**Supplied information:**
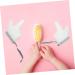 Anti-Eating Baby Gloves - Stop Thumb Sucking Kit for Kids - Buy Online on GoSupps.com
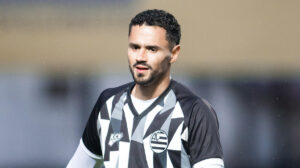 cabo verde athletic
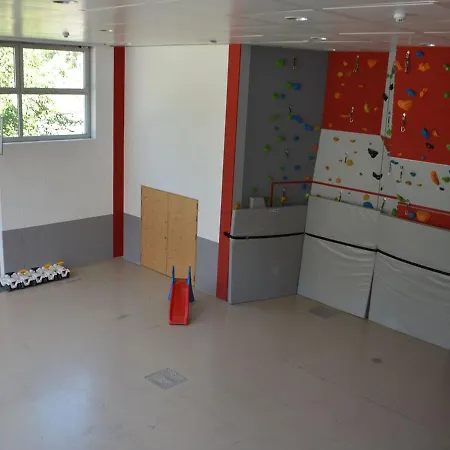 First Mountain Montafon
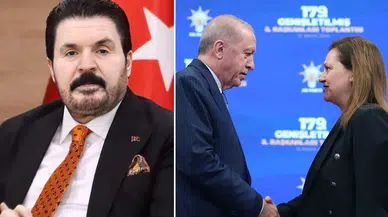 Burcu Köksal'ı bilen Savcı Sayan'dan bir bomba daha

**Work required:** Wherever a picture appears in the data, please drop it and retype the rest exactly.

**Result of this exercise:**
 Anti-Eating Baby Gloves - Stop Thumb Sucking Kit for Kids - Buy Online on GoSupps.com
 cabo verde athletic
 First Mountain Montafon
 Burcu Köksal'ı bilen Savcı Sayan'dan bir bomba daha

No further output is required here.